[Opening Dataset records section]

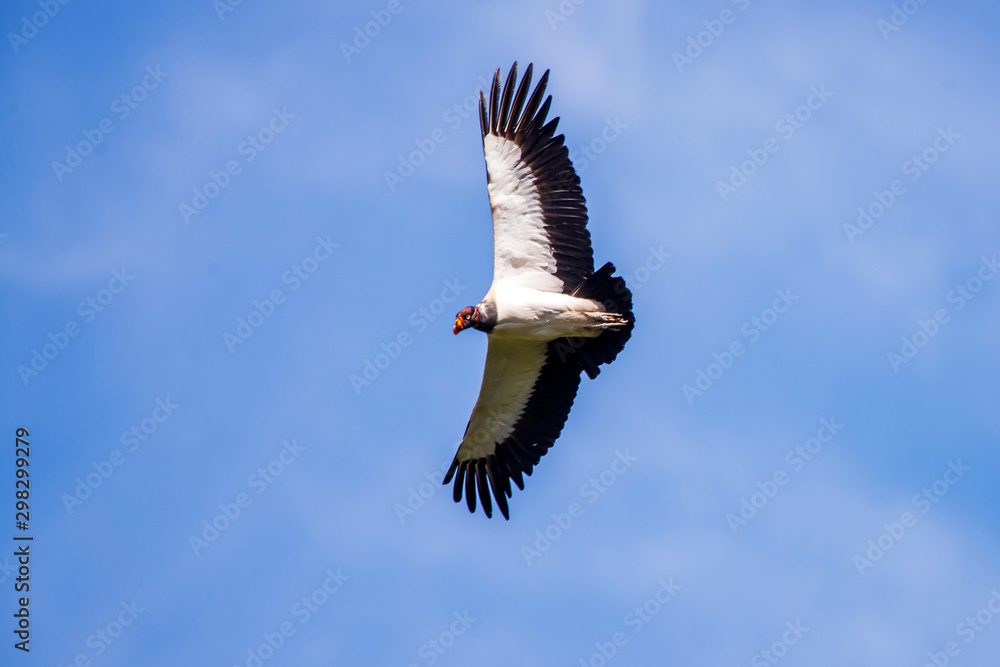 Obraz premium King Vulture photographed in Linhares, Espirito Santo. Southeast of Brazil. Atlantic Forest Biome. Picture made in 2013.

[Closing Dataset records section]
[Opening Dataset records section]

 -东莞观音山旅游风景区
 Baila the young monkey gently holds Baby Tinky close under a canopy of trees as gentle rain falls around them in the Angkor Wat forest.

[Closing Dataset records section]
[Opening Dataset records section]

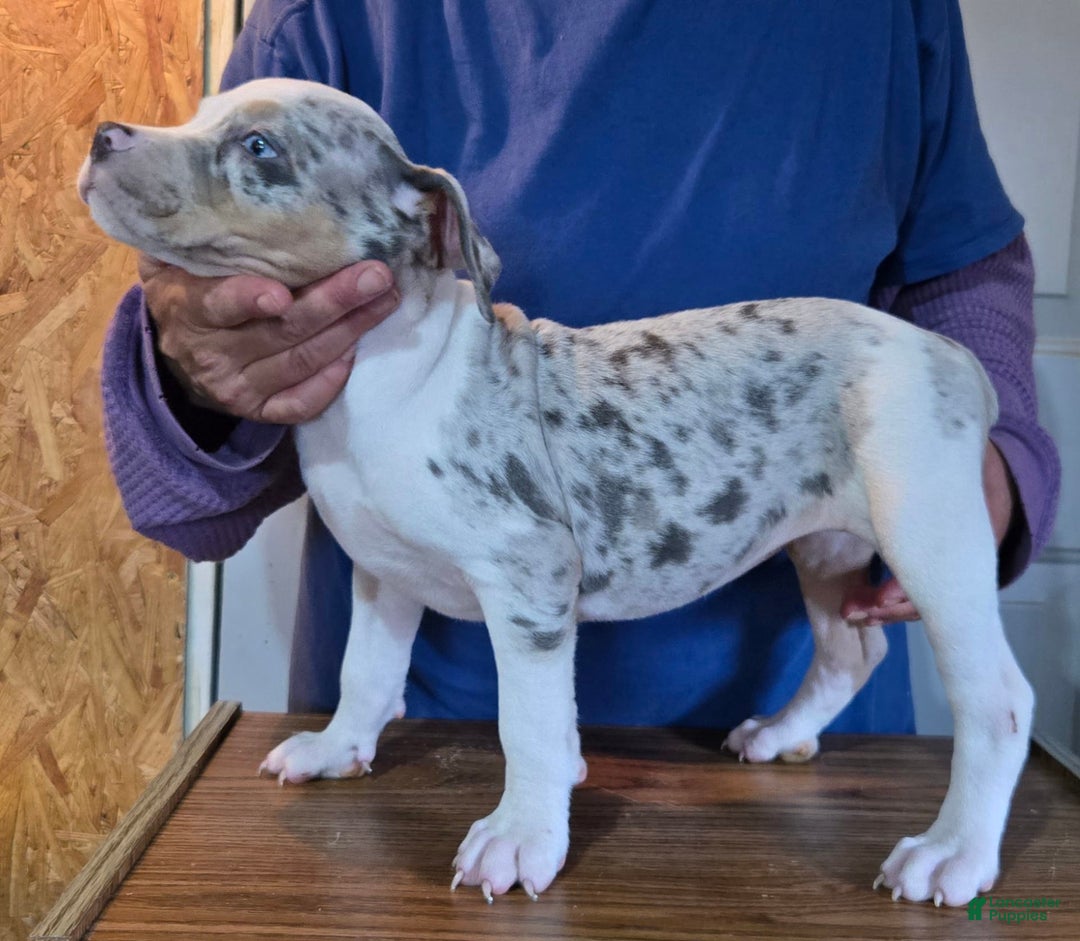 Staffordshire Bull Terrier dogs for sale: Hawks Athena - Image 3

[Closing Dataset records section]

◆ Brief
In the entries above, find the line holding "-东莞观音山旅游风景区" and the line holding "Baila the young", then retype exactly those two lines and every line between them, and nothing else.

◆ Exercise output
 -东莞观音山旅游风景区
 Baila the young monkey gently holds Baby Tinky close under a canopy of trees as gentle rain falls around them in the Angkor Wat forest.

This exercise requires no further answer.